こうして、言わば胃や腸が弱った状態のとき、体が起こす反応やサインとして私たちが認識しやすいのが、便秘下痢といった『便通の異常』です。

胃腸の働きが弱って、便通に異常があった時、腸内ではどのようなことが起こっているでしょうか。

腸内で食べ物の消化・吸収が上手く行かなくなると、食べ物のカスが大量に発生し、食べカスが腸内に生息する悪玉菌のエサになり、悪玉菌が増殖する原因となります。

悪玉菌が増殖すると、腸が腐敗して様々な有毒物質を発生させ、善玉菌が減ってしまい、腸内環境は悪化します。

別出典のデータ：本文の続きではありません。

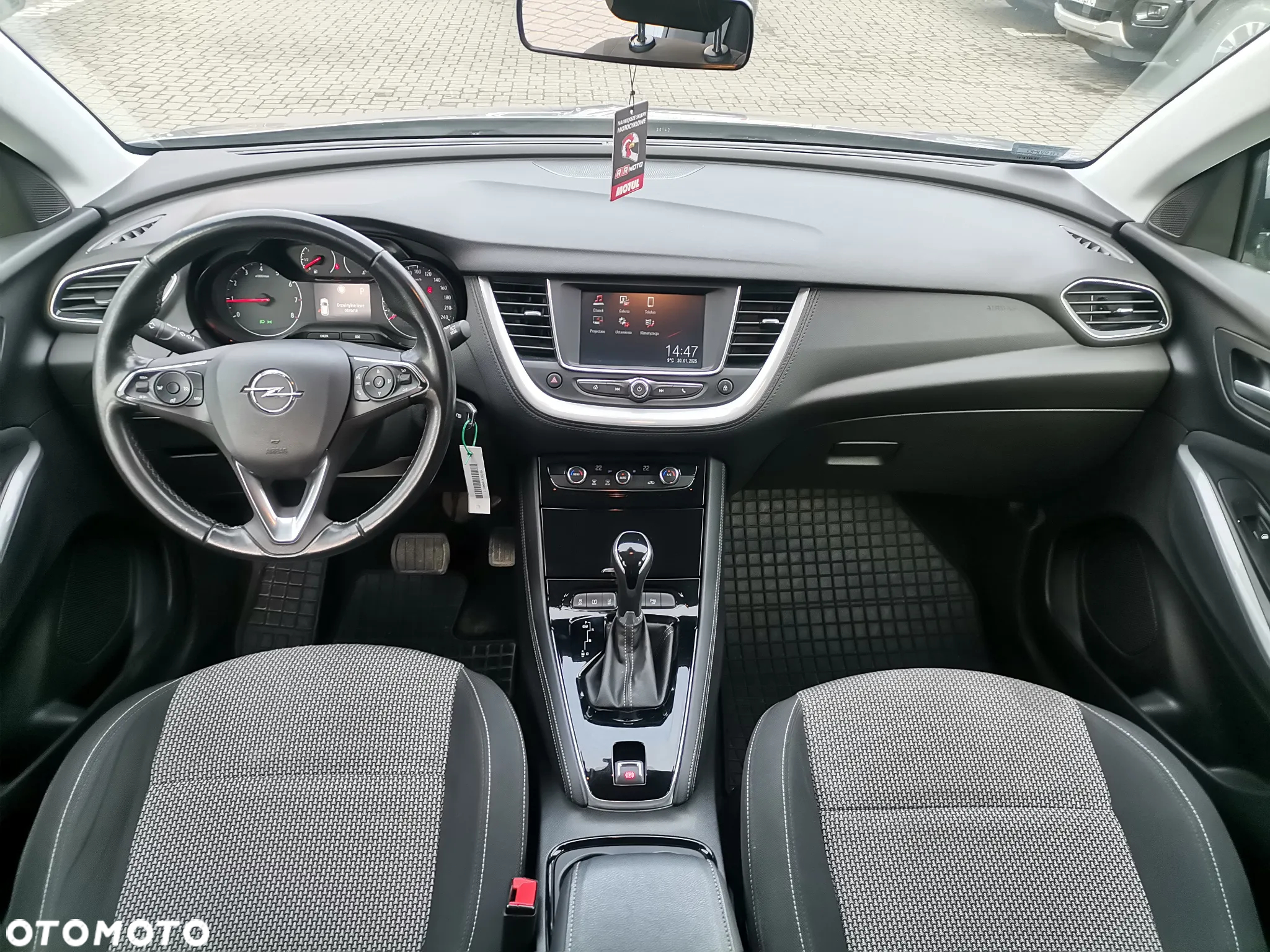 Opel Grandland X 1.2 T GPF Enjoy S&S - 15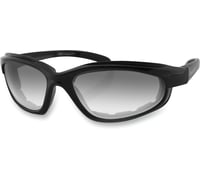 Bobster Fat Boy Sunglasses Gloss Black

このように、睡眠が不足することで、副交感神経の働きが弱くなって、胃腸の働きも制限され、その結果、腸内環境は悪化してしまうのです。

悪い睡眠と腸内環境で悪循環が生まれる

睡眠と腸内細菌は、相互に影響を与えていると言えます。

ということは、いずれか一方が悪くなると、もう一方にも悪影響を与えるという悪循環が発生してしまうことがわかります。

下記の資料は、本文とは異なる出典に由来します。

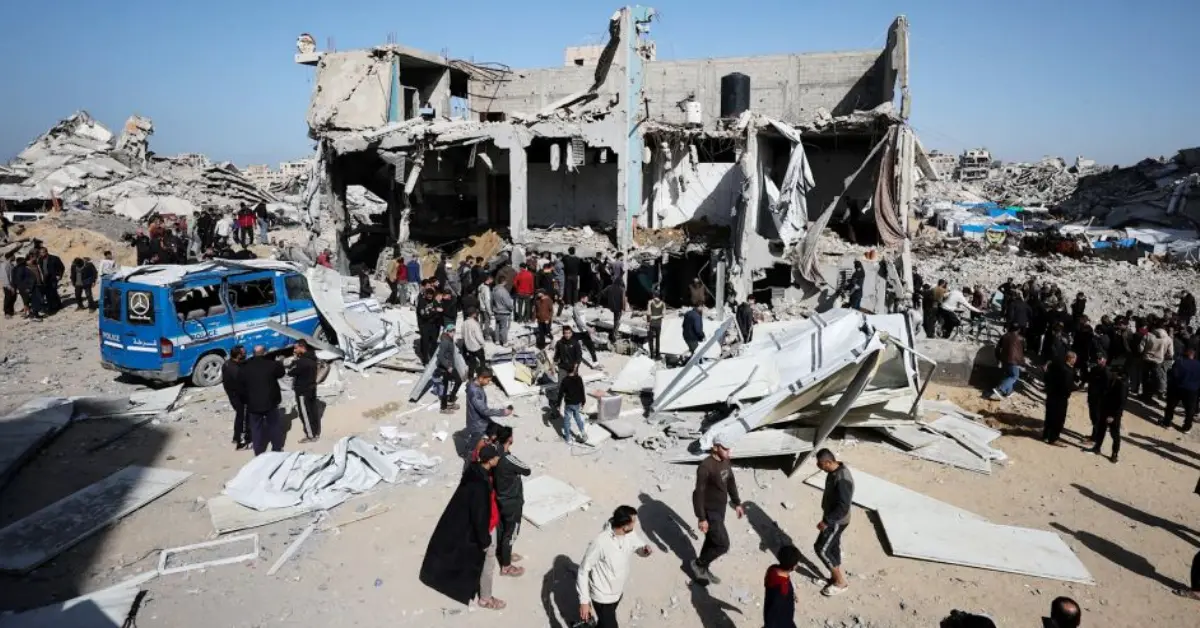 İran: Hasar gören sivil hedef sayısı 110 bini aştı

例えば、腸内環境が悪くなり、腸内細菌が減ると、睡眠に必要なメラトニンの生成に悪影響が生じて睡眠に障害を起こします。
一方で、睡眠障害により副交感神経の働きが制限されると、胃腸の働きも衰え、やはり腸内環境は悪くなります。

これはどちらが先でも起こり得るトラブルであり、生活習慣の乱れがちな現代社会では、誰にでも起こる可能性のある問題であるとも言えます。

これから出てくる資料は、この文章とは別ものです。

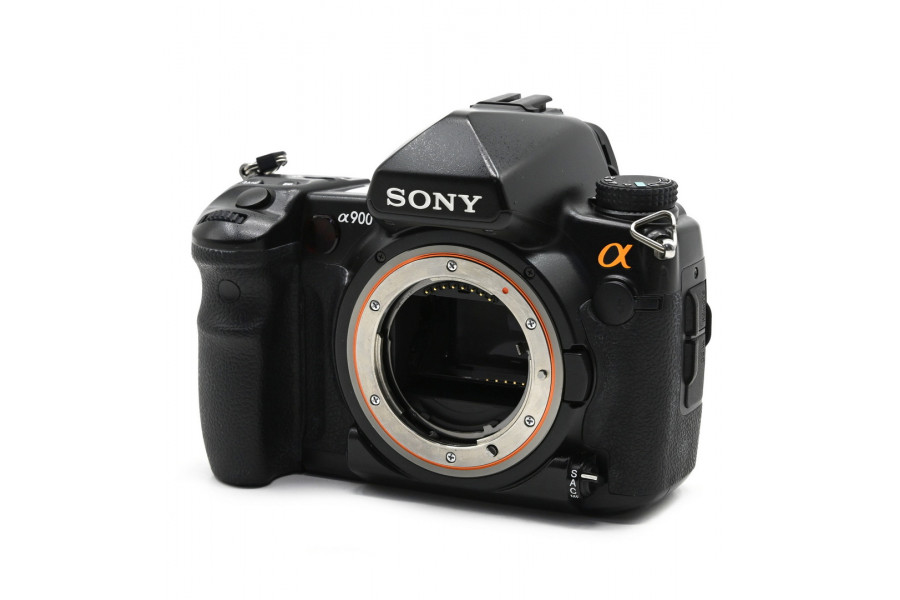 Фотокамера Sony A900 body (пробег 20180 кадров)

近年の研究では、腸内環境の悪化は様々な重大疾患にも繋がることが明らかになってきており、腸内環境を整えることと、そこに生きる腸内細菌を守って、良好な腸内フローラを形成することの重要性、そのためにも質の良い睡眠を取ることが、私達の心身の健康にとって、非常に重要なポイントであることがわかります。

腸内環境が悪いとうつ病にも

先のまとめでもご紹介した通り、睡眠ホルモンであるメラトニンが脳内で生合成される過程で必要なのが、神経伝達物質の『セロトニン』です。
トリプトファンからセロトニンを経て、メラトニンが生合成される過程を考慮すると、大元となるトリプトファンの合成が腸内で上手く行われないと、メラトニンを作るのに必要な、セロトニンも不足してしまうということがご理解頂けるかと思います。

セロトニンは人間の体内で様々な事柄に関わる重要な物質ですが、不足するとうつ病になるということも推測されており、腸内環境が悪化して、メラトニンが不足することで不眠症などを患っている人は、同時にセロトニン不足によるうつ病などの精神疾患も患ってしまう可能性があるのです。